I pull out A.E.R., Acknowledge, Engage and Redirect, whenever I teach “Yes…and,” to non-Improvisors. “Yes…and,” is a simple sentence structure that is the backbone of Improvisation. When fellow improvisors throw out ideas, you're taught to respond with the words, "yes...and" to build a scene. Lots of people have discovered it’s also a great tool offstage. It keeps people at the table – sometimes figuratively, sometimes literally. A.E.R. comes from the same impulse, to foster positive, human connections.
My A.E.R. acronym derives from the same premise. My "yes," is acknowledgement. Acknowledging what the person said, although there's no rule about only using the word yes! The next step is to engage by asking a question or two, maybe sharing something about yourself. In cognitive decline, the last piece, the R, is redirection, especially if what the person wants to do is harmful. Like running down a flight of stairs or repeatedly asking when their son or daughter is coming to get them. It might sound like this,
“When is my daughter coming?”
“I don’t know.

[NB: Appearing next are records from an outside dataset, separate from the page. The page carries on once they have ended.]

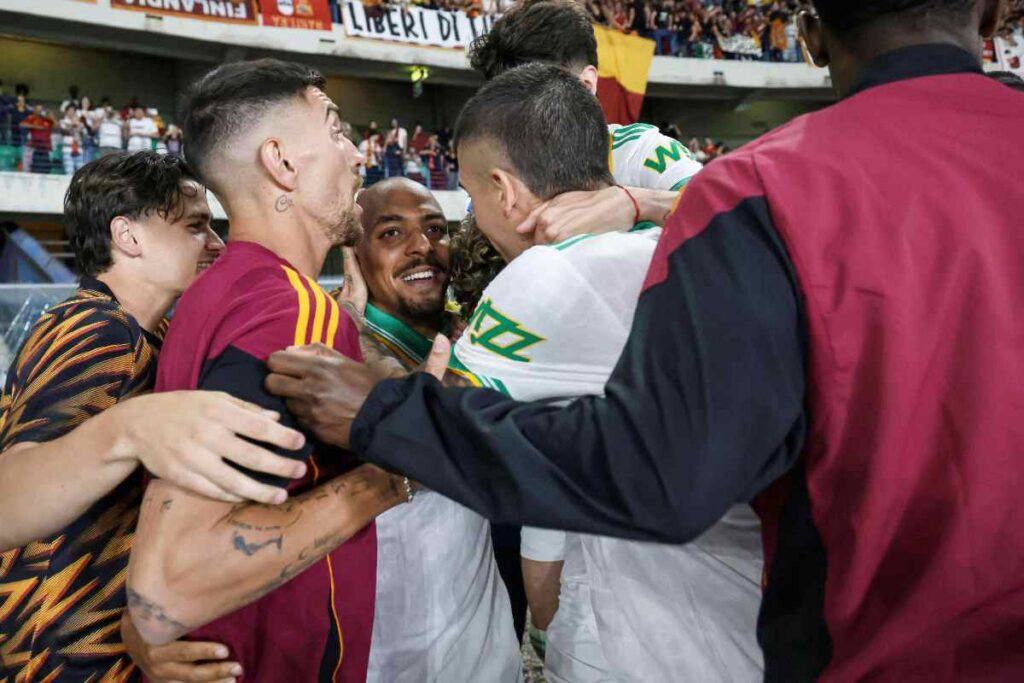 I calciatori della Roma esultano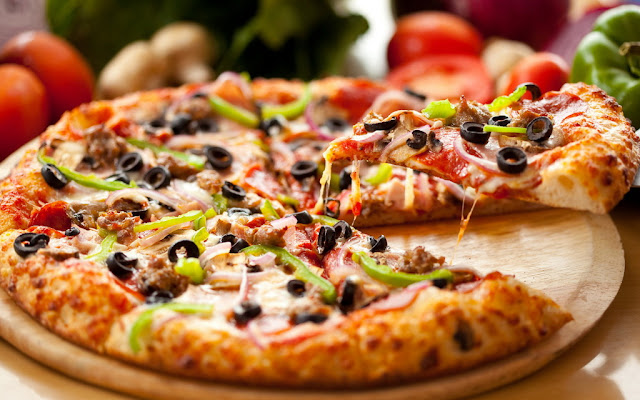 Bí quyết  ăn kiêng giảm cân The Engine 2 Diet Pizza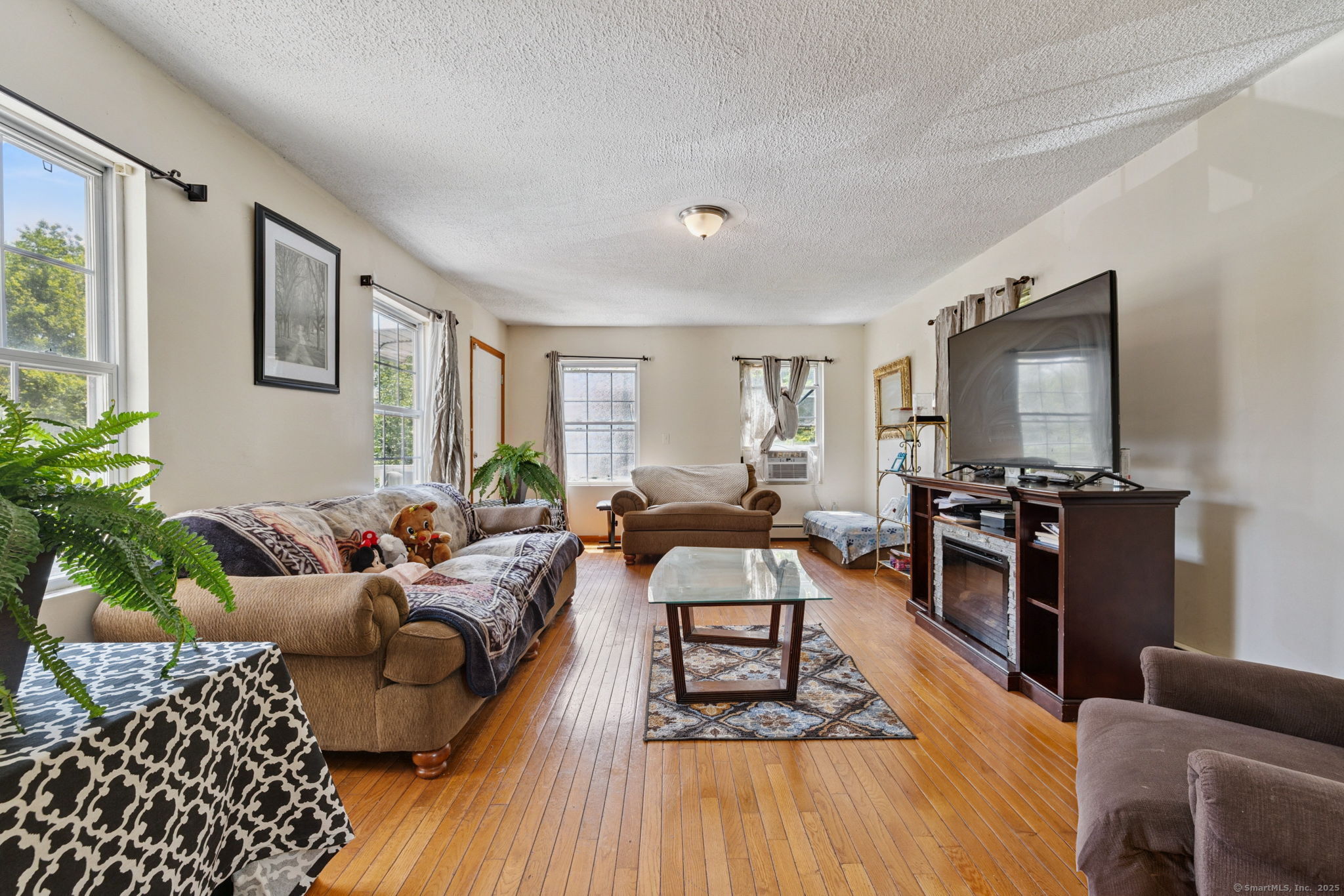 2 Sandra Drive Bloomfield CT 06002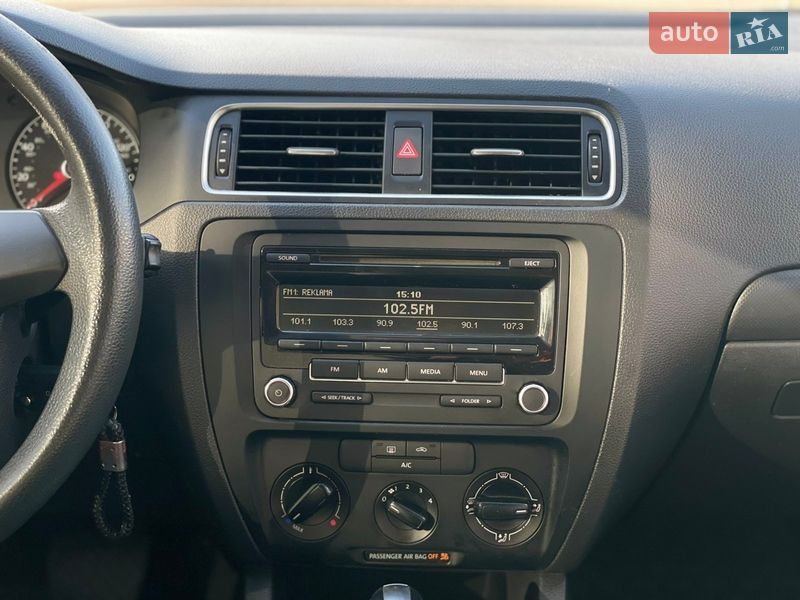 Седан Volkswagen Jetta 2014 в Днепре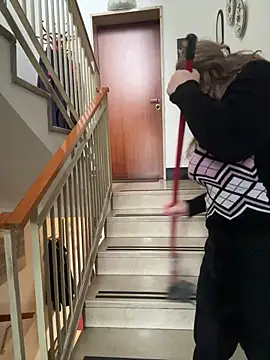 Sunbelxx online show from February 6, 2026, 9:05 am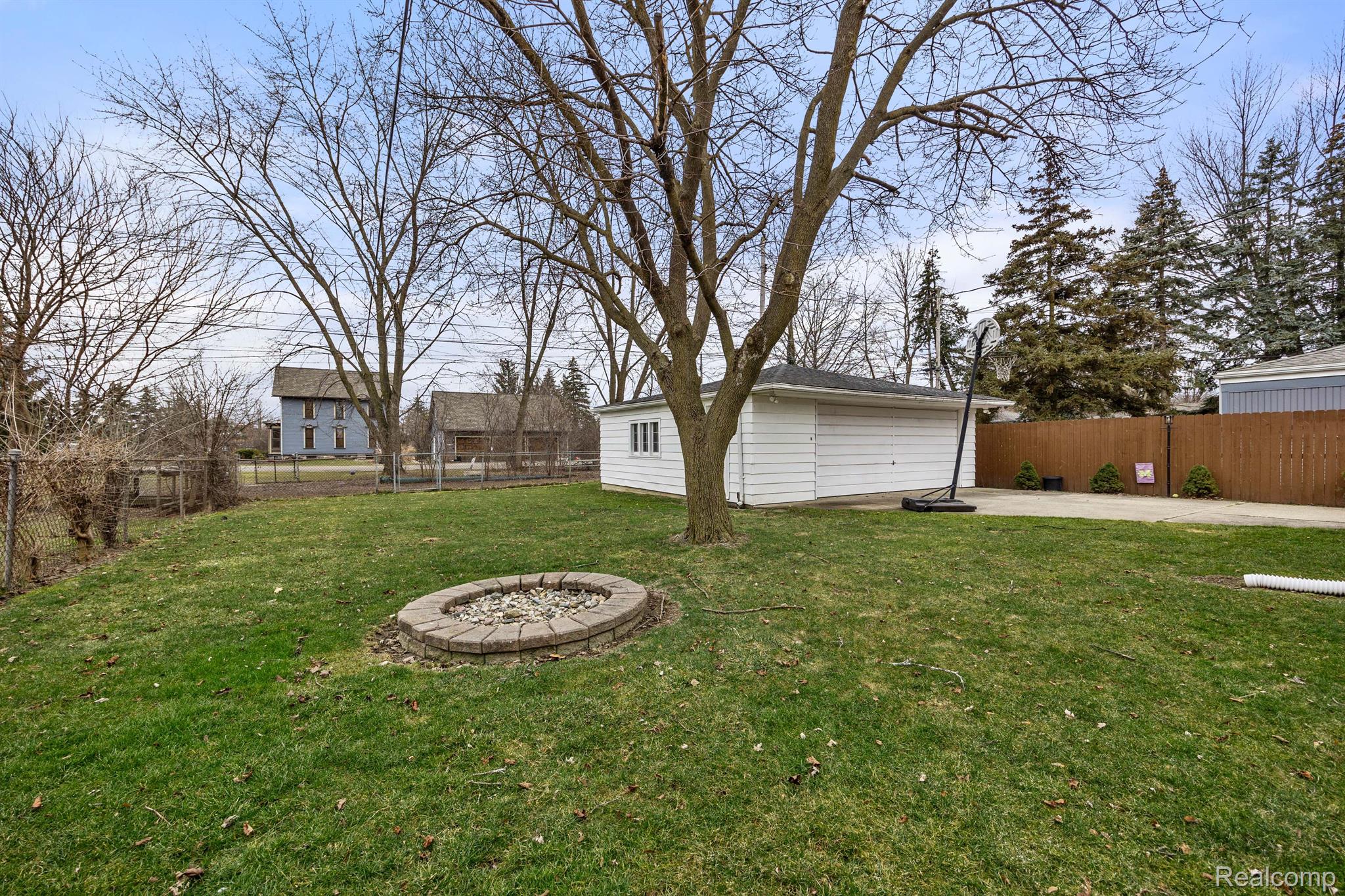 2972 PARLIAMENT Drive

But I know you love your daughter. Can you tell me something you love about her?”
“No. I just want to know when she’s coming to get me.”
“I understand. Why don’t we go to your room and see if there is a note there from her? We could have a snack together till she gets here.”
“A snack? What kind of snack?”
“I don’t know, let’s go explore.”
It doesn’t always go this smoothly, but that’s the breakdown.
I hear you, I’d love to know more, why don’t we go to XYZ.
This recipe is effective in cognitive decline. But a recent realization of mine, is that A.E.R doesn’t only serve the carepartner community! Acknowledging and engaging in conversation is universally helpful. The only change to it is the “R." It’s often impolite to redirect someone when they're talking. In fact it can feel tone deaf, definitely not good for business.
The "R" that works in circumstances where people are lucid then is for Respond. Which is different than reacting. Reacting is often reflexive and often emotionally motivated. Responding requires listening actively and then taking a pause before speaking. Taking a beat to respond to what you have heard in any conversation is powerful. So there you have it! A.E.R. for all your conversational needs!
Acknowledge, Engage, Redirect for those in cognitive decline.
Acknowledge, Engage and Respond for everyone else!